We all know that deep convolutional neural networks have produced some stellar results on object detection and recognition benchmarks in the past two years (2012-2014), so you might wonder: what did the earlier object recognition techniques look like? How do the designs of earlier recognition systems relate to the modern multi-layer convolution-based framework?

Let's take a look at some of the big ideas in Computer Vision from the last 20 years.

The rise of the local feature descriptors: ~1995 to ~2000

When SIFT (an acronym for Scale Invariant Feature Transform) was introduced by David Lowe in 1999, the world of computer vision research changed almost overnight. It was robust solution to the problem of comparing image patches. Before SIFT entered the game, people were just using SSD (sum of squared distances) to compare patches and not giving it much thought.

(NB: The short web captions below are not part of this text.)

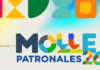 Festejos Patronales de Pozo del Molle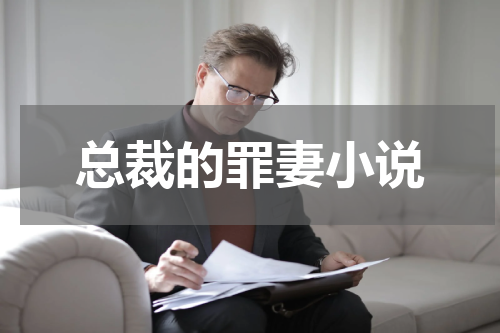 总裁的罪妻小说
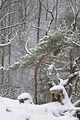 landgrafenschlucht-17-01-16-133
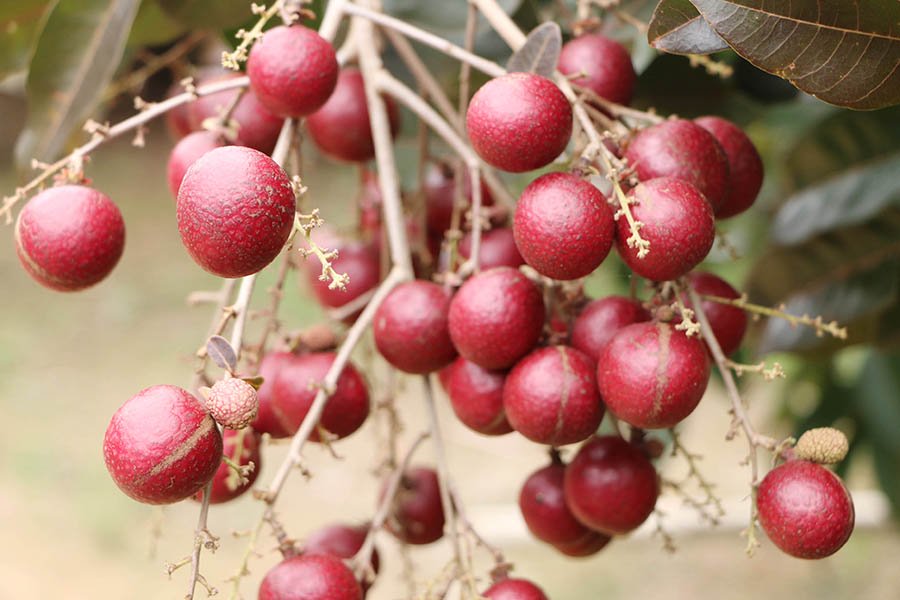 Nh&atilde;n t&iacute;m độc nhất v&ocirc; nhị miền T&acirc;y: Nh&igrave;n l&agrave; m&ecirc;, sờ l&agrave; th&iacute;ch - Ảnh 6.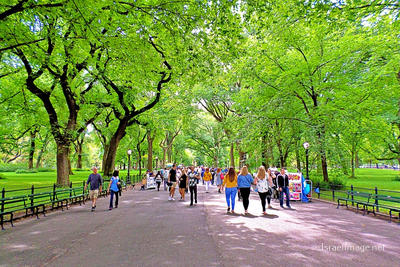 New York City Central Park Nyc 0006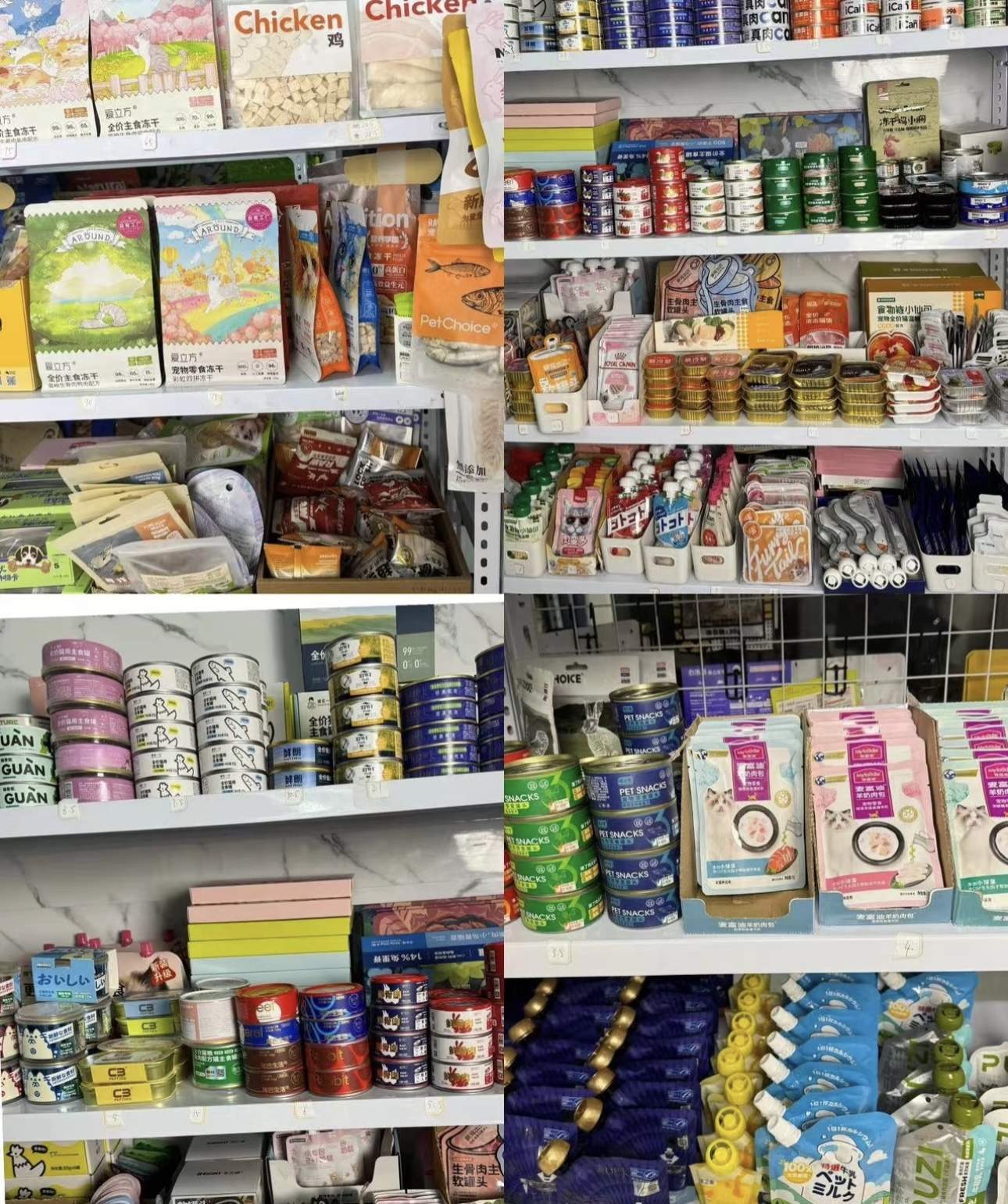 汪女士找合伙人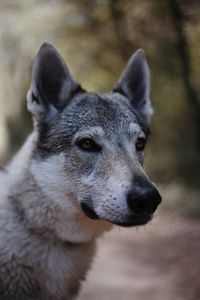 Close-up portrait of a dog in forest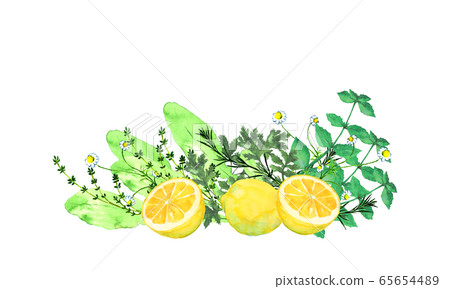 Lemon and herb watercolor Lemon and herb watercolor 65654489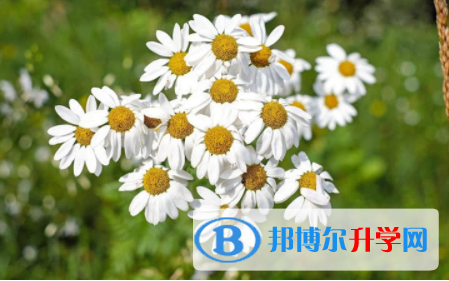 2022年內(nèi)江中考多久出成績(jī)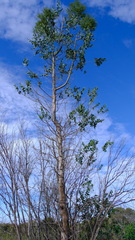 Codonocarpus cotinifolius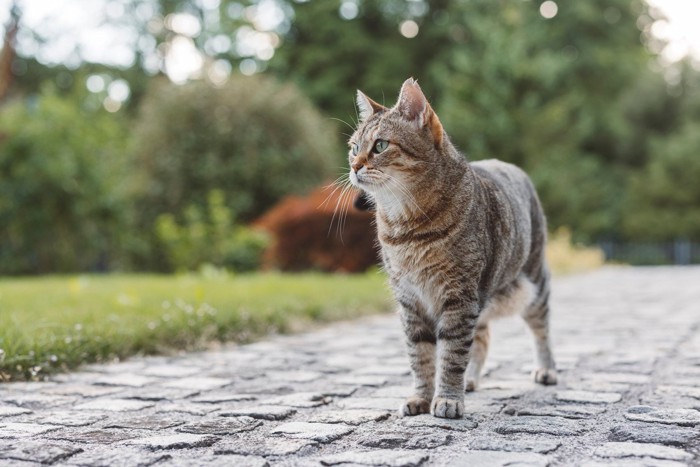 Miracle Across the Channel: Lost French Cat Defies Odds, Travels to UK and Finds Way Back Home - News Directory 3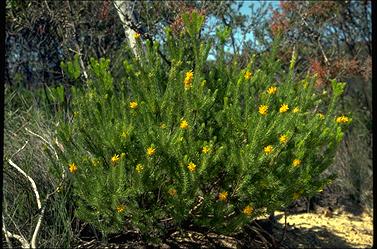 APII jpeg image of Persoonia acerosa  © contact APII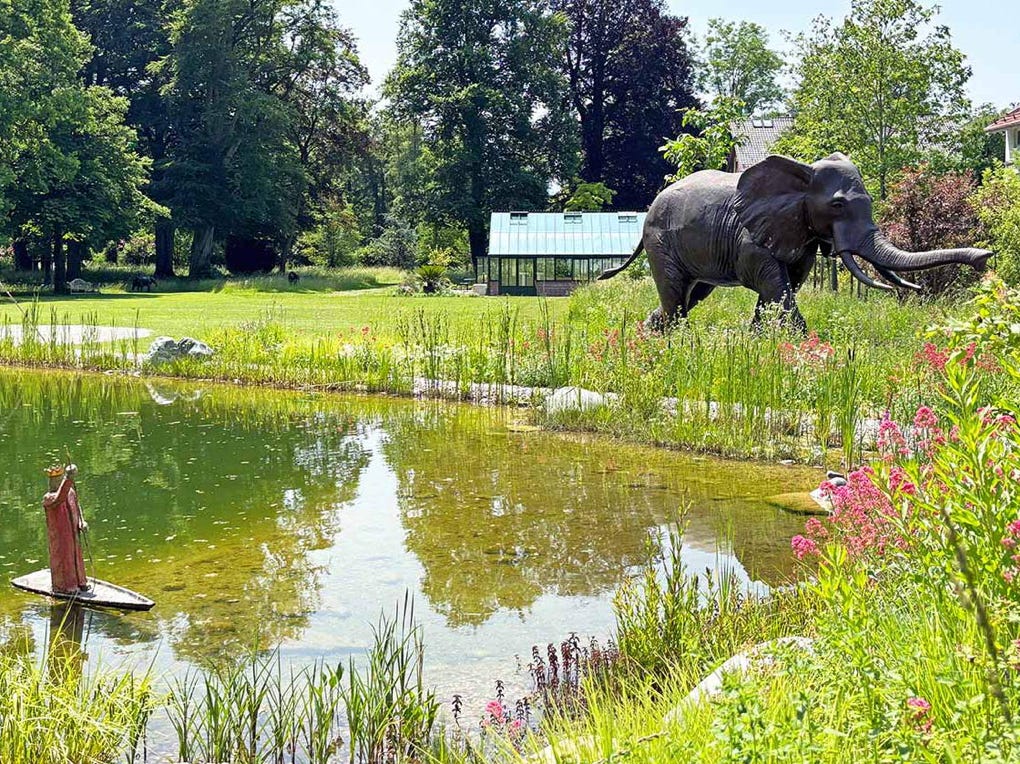 "Der kleine König" im Garten Eden der Greither-Lindner-Stiftung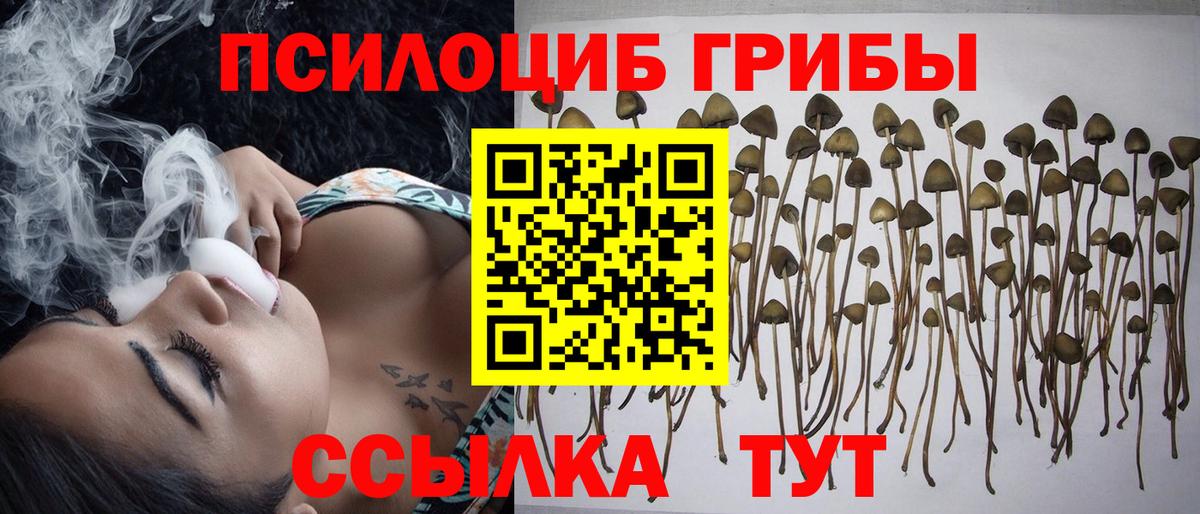 Псилоцибиновые грибы ЛСД  Галлюциногенные грибы GOLDEN TEACHER  Карталы  Вход с VPN 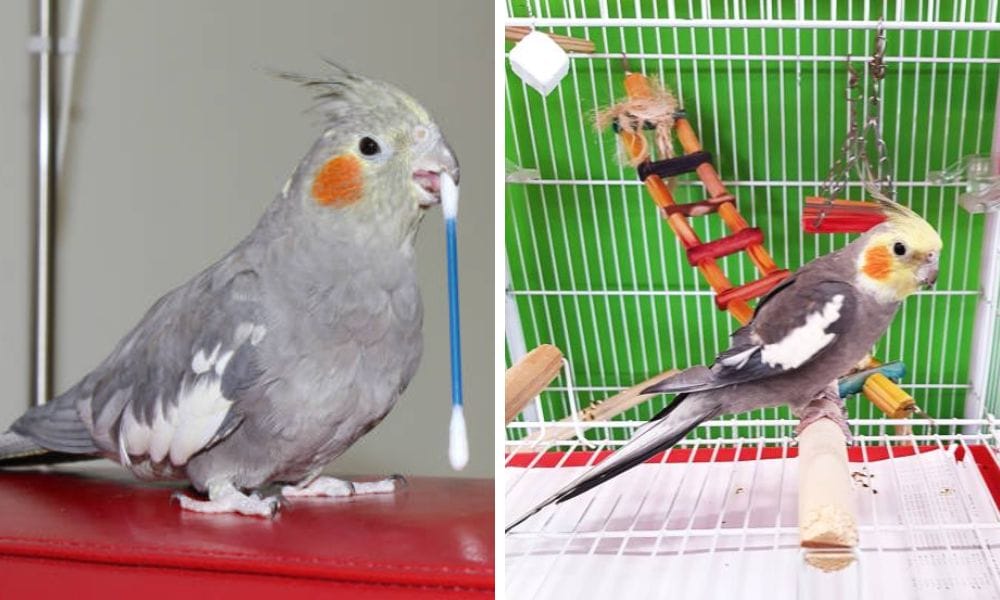 cockatiel bird toys and bird perches
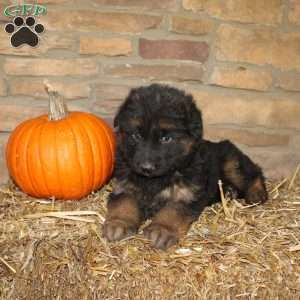 River, German Shepherd Puppy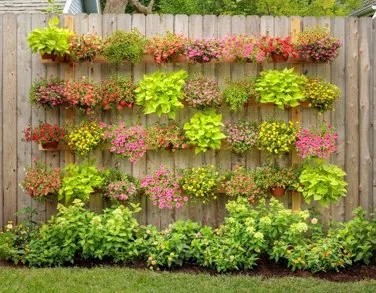 Professional yard maintenance for homes in Exmore, VA by Shore Point Property Services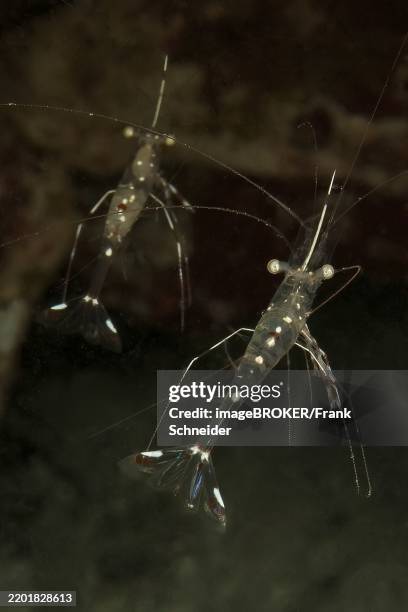 close-up of pair of transparent anton bruun's cleaner shrimp (urocaridella antonbruunii) cave cleaner shrimp, pacific ocean, yap island, yap state, caroline islands, federated states of micronesia fsm, australia, oceania - federated states of micronesia foto e immagini stock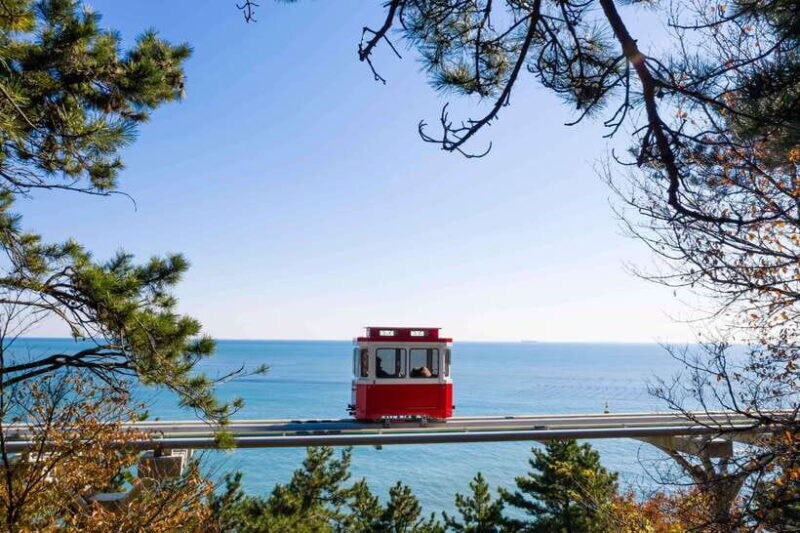 Busan: Sunset Haeundae Sky Capsule & Busan Night view Tour - The Sum Up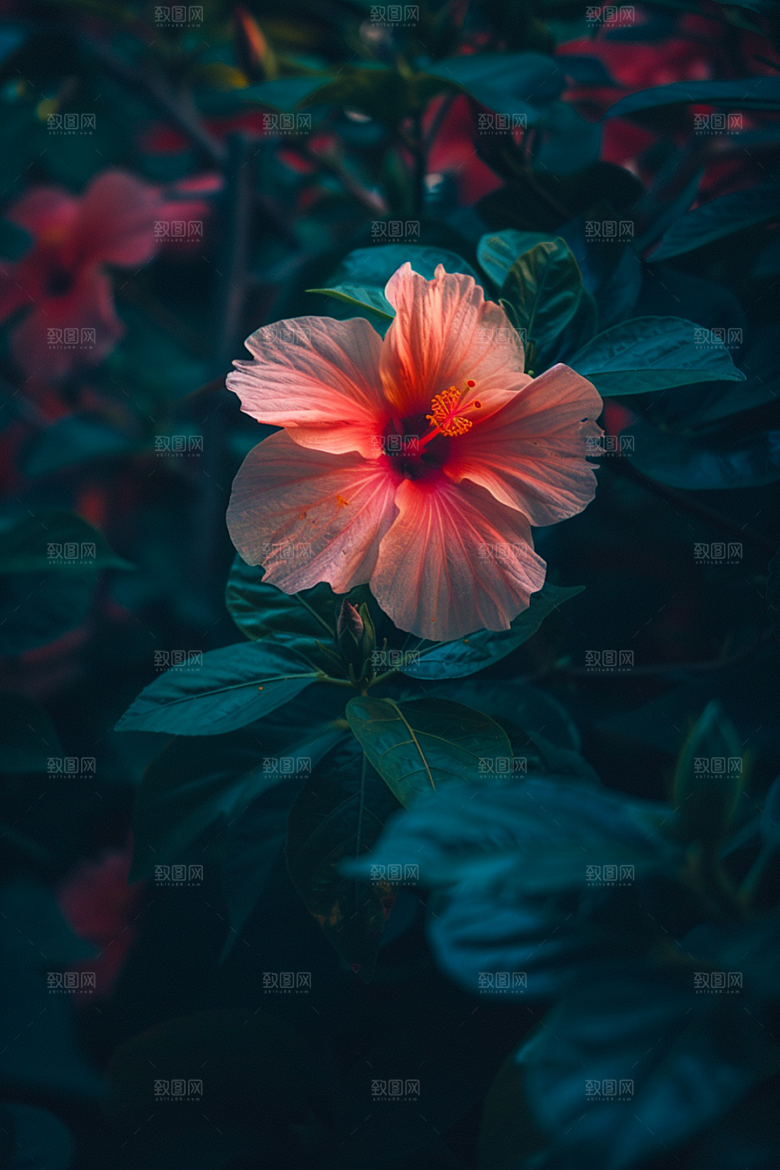 木槿花自然木棉摄影图
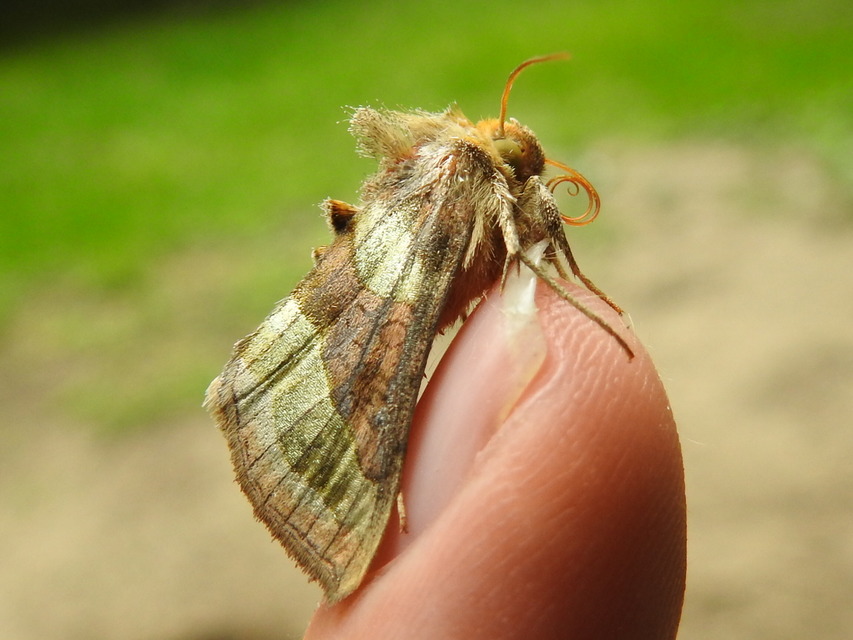Diachrysia chrysitis - aranybagoly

The SIFT recipe: gradient orientations, normalization tricks

SIFT is something called a local feature descriptor -- it is one of those research findings which is the result of one ambitious man hackplaying with pixels for more than a decade. Lowe and the University of British Columbia got a patent on SIFT and Lowe released a nice compiled binary of his very own SIFT implementation for researchers to use in their work. SIFT allows a point inside an RGB imagine to be represented robustly by a low dimensional vector. When you take multiple images of the same physical object while rotating the camera, the SIFT descriptors of corresponding points are very similar in their 128-D space. At first glance it seems silly that you need to do something as complex as SIFT, but believe me: just because you, a human, can look at two image patches and quickly "understand" that they belong to the same physical point, this is not the same for machines. SIFT had massive implications for the geometric side of computer vision (stereo, Structure from Motion, etc) and later became the basis for the popular Bag of Words model for object recognition.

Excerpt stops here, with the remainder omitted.